So I am spending my time on finding other ways to still talk about the problem and also still working on documenting a series about plastic or microplastic that we have found. I have tonnes of footage from the Vortex swim that I haven’t yet developed into something that we can consume and share…
That would be amazing! Its inspirational people like yourself and the environmental angle that you bring which really connects to people who watch those films and content.
I would also like to go upstream to investigate further, and do the same type of sampling in places like the arctic to show people that you can still find the microplastics even in these remote areas. Ultimately I want to demonstrate that we are the problem and we need to solve it at the source.
One thing I think our readers would love to know is: Can you name one thing you’ve seen whilst swimming that has stuck with you?
Yeah when we were talking about plastics earlier, I was trying to remember if we’d found any sunglasses frames, but we haven’t yet but maybe it’s because plastic frames don’t float?
Yes well you could’ve found a pair of mine! I went paddle boarding recently and fell in and I lost my sunglasses, so I feel terrible! I can tell you they don’t float unfortunately. But I found another pair on my next beach clean and so I did take the equivalent back out of the sea again!
Ha, well we found so many different pieces of plastic – mainly items that you use on a daily basis. A lot of bottle leadsbecause they are made of very hard plastic. Food wrappers, toys, toothbrushes, razors. And I think the most memorable pieces was a toilet seat, which gave me the idea to do a series of pictures with items we can recognise while I am naked. I wanted to ask people the question – are they are more shocked by me being naked or by the toilet seat polluting the ocean? I want expand on this and do a series of similar images.
I think that’s great. There’s also something connected about being naked in the ocean – it strikes me that that’s how we should be enjoying nature, without barriers… so that picture hit me on a couple of levels.
Exactly, when you remove the wetsuit, you have all that sensation of your body being stimulated everywhere. I love the contrast.

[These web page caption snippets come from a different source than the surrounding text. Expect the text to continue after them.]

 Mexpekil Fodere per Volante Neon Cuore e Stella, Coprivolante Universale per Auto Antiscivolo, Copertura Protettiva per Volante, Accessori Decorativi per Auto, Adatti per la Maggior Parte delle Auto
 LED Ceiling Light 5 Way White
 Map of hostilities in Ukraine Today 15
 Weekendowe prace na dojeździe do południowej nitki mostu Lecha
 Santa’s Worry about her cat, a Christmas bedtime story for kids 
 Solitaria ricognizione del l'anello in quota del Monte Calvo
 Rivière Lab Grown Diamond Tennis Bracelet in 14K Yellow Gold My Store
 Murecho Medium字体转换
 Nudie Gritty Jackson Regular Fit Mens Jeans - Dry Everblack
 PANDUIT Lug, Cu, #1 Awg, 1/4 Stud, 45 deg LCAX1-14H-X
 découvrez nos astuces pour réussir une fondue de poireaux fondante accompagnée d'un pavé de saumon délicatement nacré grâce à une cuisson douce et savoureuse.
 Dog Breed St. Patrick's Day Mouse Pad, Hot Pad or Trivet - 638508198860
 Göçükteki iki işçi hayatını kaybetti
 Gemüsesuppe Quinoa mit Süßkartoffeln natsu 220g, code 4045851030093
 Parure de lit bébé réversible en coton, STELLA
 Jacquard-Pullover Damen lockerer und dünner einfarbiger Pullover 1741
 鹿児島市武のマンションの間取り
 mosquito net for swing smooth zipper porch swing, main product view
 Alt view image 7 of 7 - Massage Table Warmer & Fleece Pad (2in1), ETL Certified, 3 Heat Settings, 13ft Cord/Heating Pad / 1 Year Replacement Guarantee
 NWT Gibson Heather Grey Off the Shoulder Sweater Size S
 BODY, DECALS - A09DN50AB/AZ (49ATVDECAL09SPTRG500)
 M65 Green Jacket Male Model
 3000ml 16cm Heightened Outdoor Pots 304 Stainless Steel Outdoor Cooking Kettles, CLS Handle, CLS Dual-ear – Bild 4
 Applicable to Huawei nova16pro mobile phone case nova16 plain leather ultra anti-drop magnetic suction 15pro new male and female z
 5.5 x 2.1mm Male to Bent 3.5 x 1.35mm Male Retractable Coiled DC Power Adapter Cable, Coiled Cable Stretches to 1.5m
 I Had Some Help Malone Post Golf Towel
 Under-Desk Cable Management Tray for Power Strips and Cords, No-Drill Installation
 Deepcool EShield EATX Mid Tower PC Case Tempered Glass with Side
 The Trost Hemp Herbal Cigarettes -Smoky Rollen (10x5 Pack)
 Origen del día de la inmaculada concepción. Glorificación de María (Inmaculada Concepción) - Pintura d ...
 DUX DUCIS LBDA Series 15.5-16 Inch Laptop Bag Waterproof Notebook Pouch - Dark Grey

So what do you think is the biggest challenge in spreading awareness about the ocean’s health?
I think there is a lot of misconception. One of my aims of the Vortex swim was to debunk the myth about the big island of plastic that is floating in the middle of the ocean, which is not right. So the problem is that people don’t realise exactly what it is, which I why it was important to me to go there and be able to talk about what exactly it is. We are bombarded by so much information that the most important things end up on the side and people are busy in their daily lives so don’t have time to engage fully with the problem.
I see that in my business as well. People are so overwhelmed, it seems impossible to focus just on one thing and in some people it’s fight or flight – you can either embrace it and take on the challenge, or pretend it’s not there.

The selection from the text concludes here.